__Your task__
Using the data that follows, output only the lines from the line with "Elektryczny Słupek Ogrodowy" up to and including the line with "Сандански - откриване", exactly, leaving pictures aside.
╭─ Entries shown
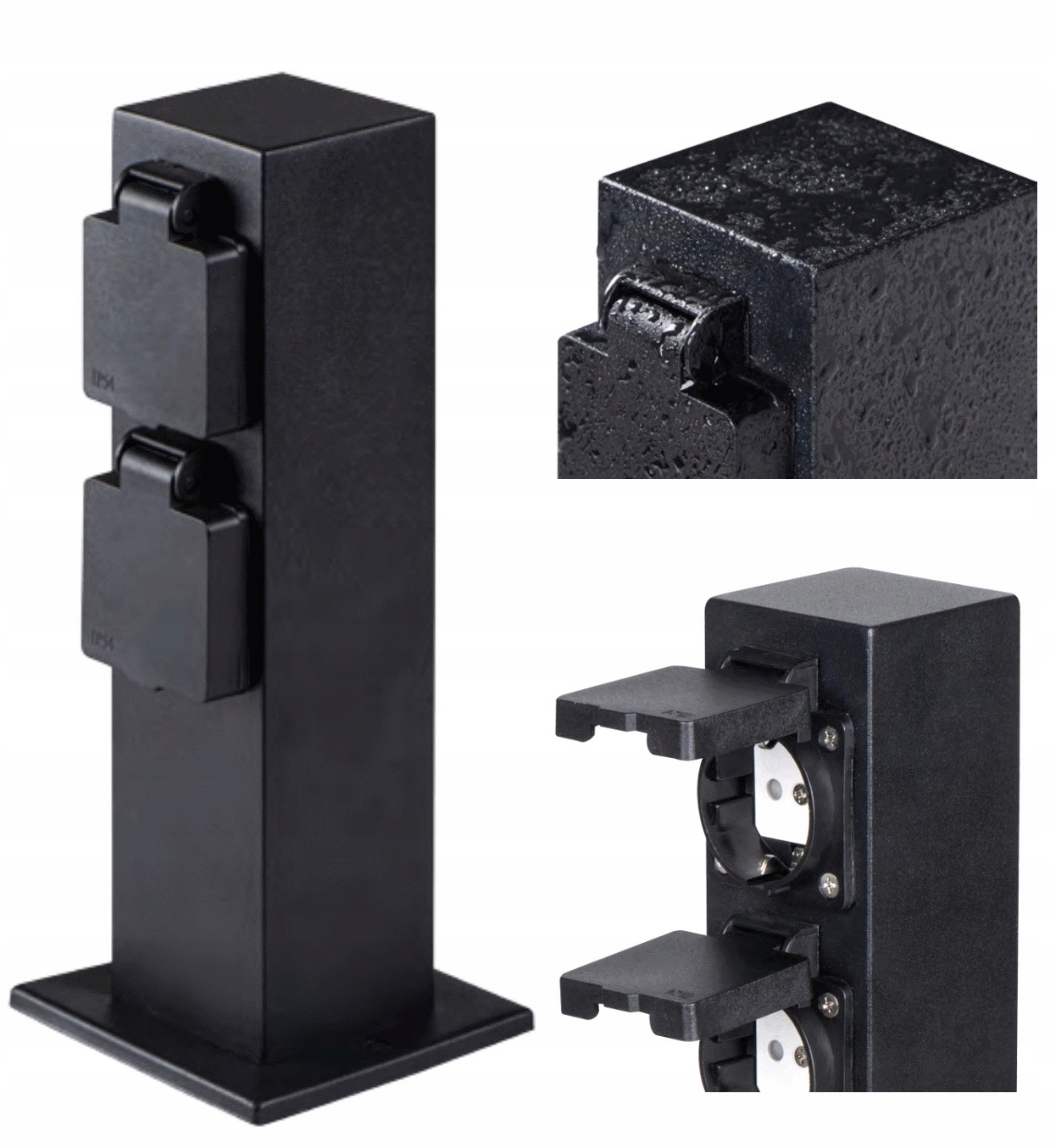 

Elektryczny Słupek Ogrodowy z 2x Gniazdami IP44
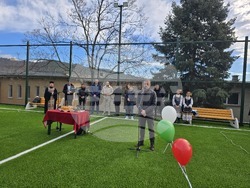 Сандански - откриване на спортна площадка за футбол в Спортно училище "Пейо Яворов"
╰─
╭─ Entries shown
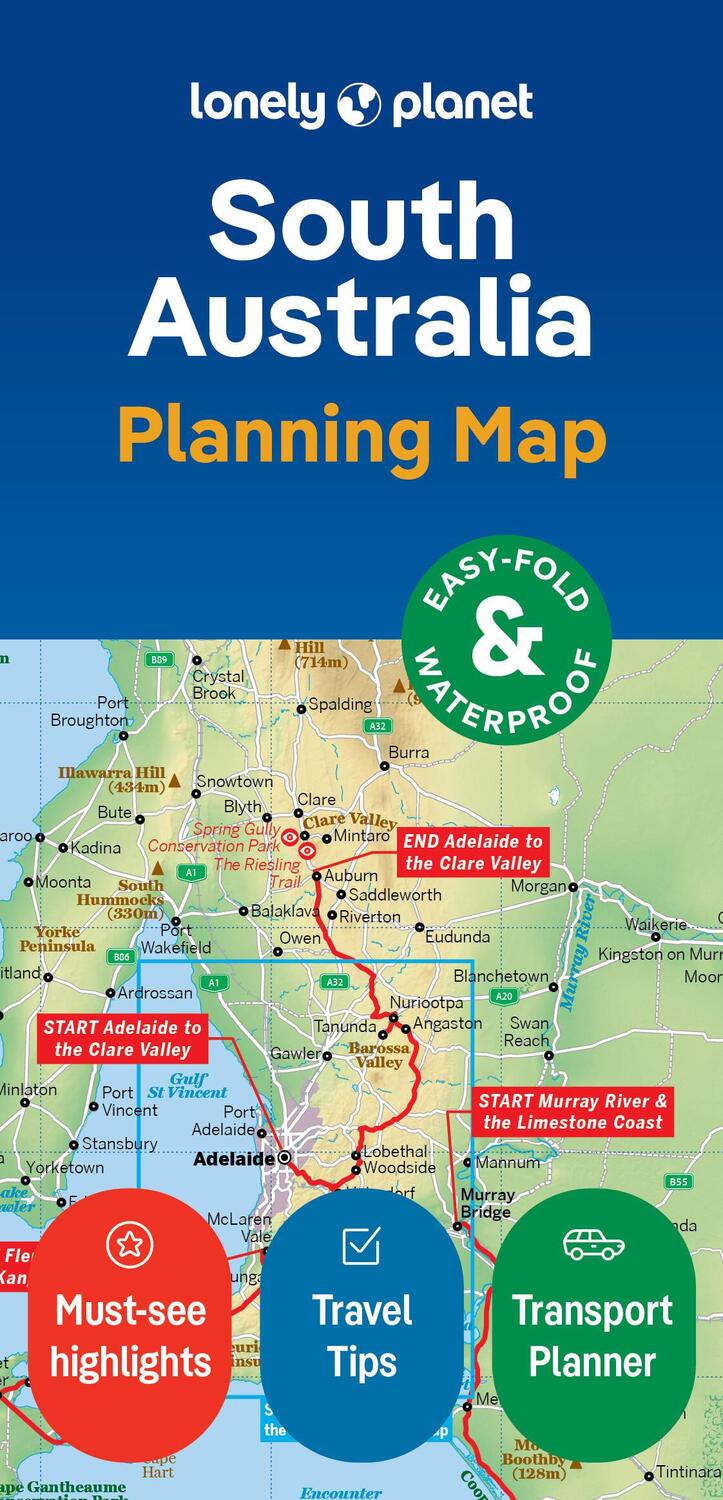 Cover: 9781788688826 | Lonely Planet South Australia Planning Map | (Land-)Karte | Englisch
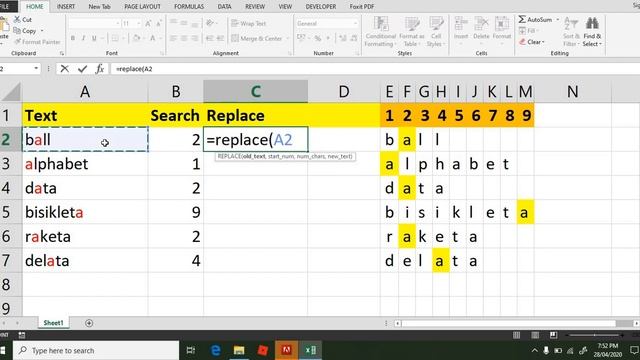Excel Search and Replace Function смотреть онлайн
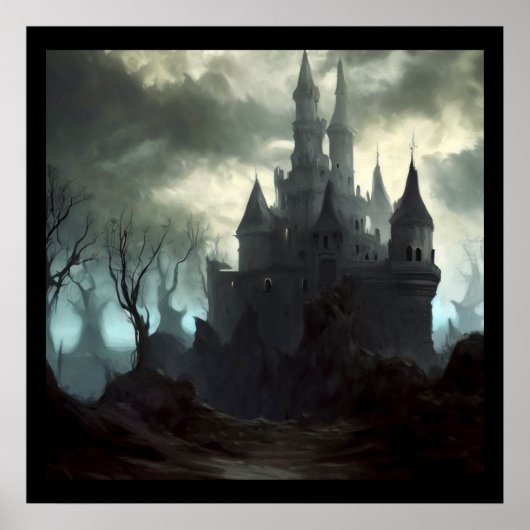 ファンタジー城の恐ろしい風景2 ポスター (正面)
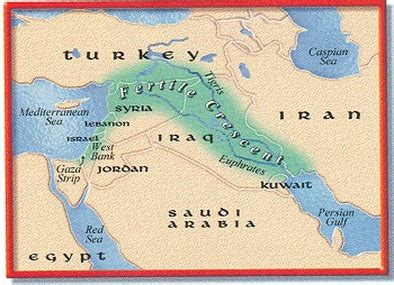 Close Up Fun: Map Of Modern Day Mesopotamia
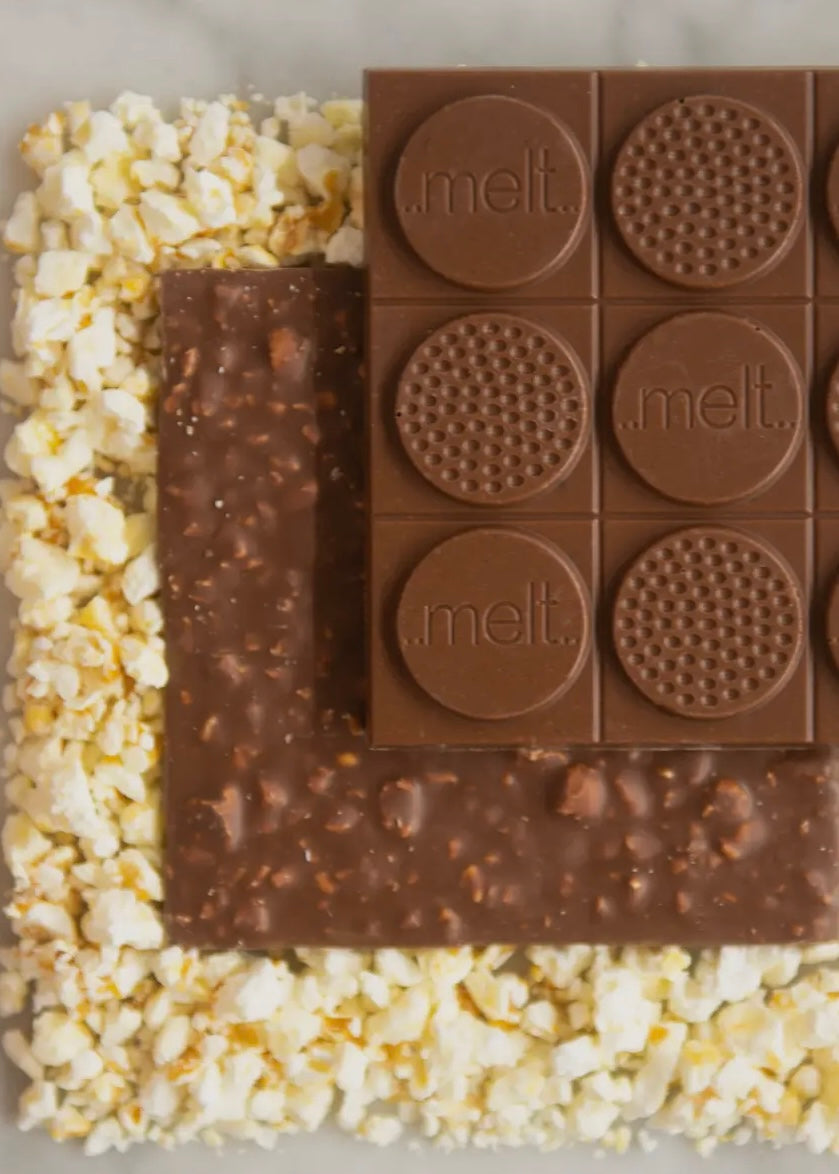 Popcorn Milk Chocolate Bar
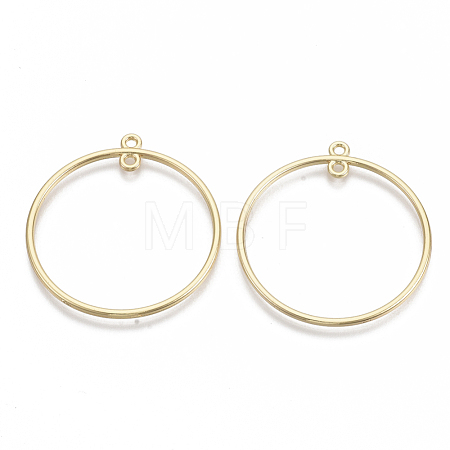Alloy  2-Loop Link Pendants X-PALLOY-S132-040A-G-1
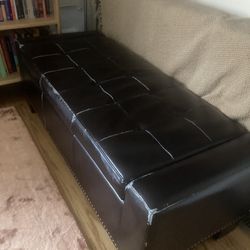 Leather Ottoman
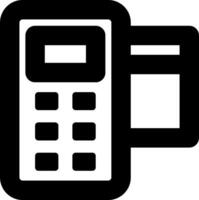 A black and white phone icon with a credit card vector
╰─
__Completed task__
Elektryczny Słupek Ogrodowy z 2x Gniazdami IP44
 Сандански - откриване на спортна площадка за футбол в Спортно училище "Пейо Яворов"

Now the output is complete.